Quantum dynamics studies on the non-adiabatic effects of H plus LiD reaction

After the Big Bang, chemical reactions of hydrogen with LiH and its isotopic variants played an important role in the late stage of recombination. Moreover, these reactions have attracted the attention of experts in the field of molecular dynamics because of its simple structure. Electronically non-adiabatic effects play a key role in many chemical reactions, while the related studies in LiH2 reactive system and its isotopic variants are not enough, so the microscopic mechanism of this system has not been fully explored. In this work, the microscopic mechanism of H + LiD reaction are performed by comparing both the adiabatic and non-adiabatic results to study the non-adiabatic effects. The reactivity of R1 (H + LiD -> Li + HD) channel is inhibited, while that of R2 (H + LiD -> D + LiH) channel is enhanced when the non-adiabatic couplings are considered. For R1 channel, a direct stripping process dominates this channel and the main reaction mechanism is not influenced by the non-adiabatic effects. For R2 channel, at relatively low collision energy, the dominance changes from a rebound process to the complex-forming mechanism when the non-adiabatic effects are considered, whereas the rebound collision approach still dominates the reaction at relatively high collision energy in both calculations. The presented results provide a basis for further detailed study on this importantly astrophysical reaction system.

Automated summary

Chemical reactions of hydrogen with LiH and its isotopic variants after the Big Bang played a crucial role in late stage recombination.
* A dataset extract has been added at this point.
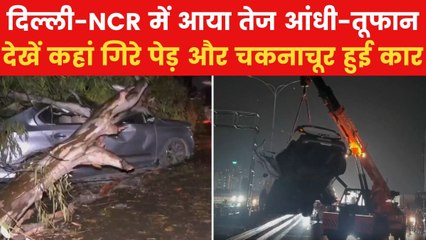 Delhi Thunderstorm: दिल्ली-NCR में तेज आंधी का कहर, मधु विहार में दीवार गिरने से एक शख्स की मौत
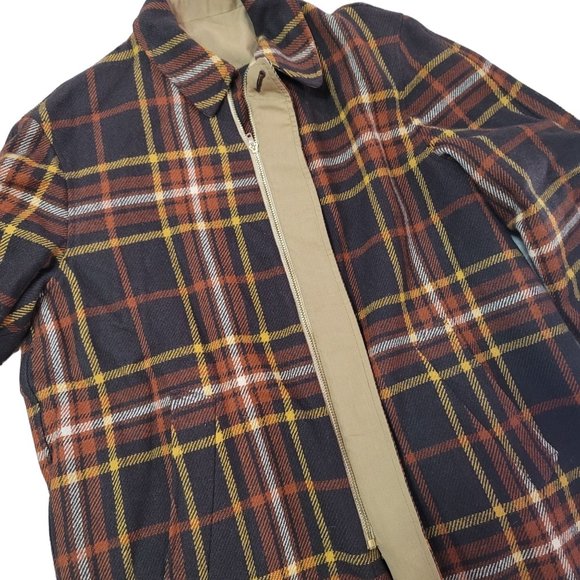 Pendleton vintage reversible wool plaid heavy winter mens jacket size Large/XL - Picture 12 of 16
The simplicity of their structure has attracted the attention of molecular dynamics experts. The non-adiabatic effects in the LiH2 reactive system and its isotopic variants have not been fully explored, hindering the microscopic understanding of this system. This study compares adiabatic and non-adiabatic results to investigate the microscopic mechanism of the H + LiD reaction, revealing the influence of non-adiabatic effects on the reaction channels.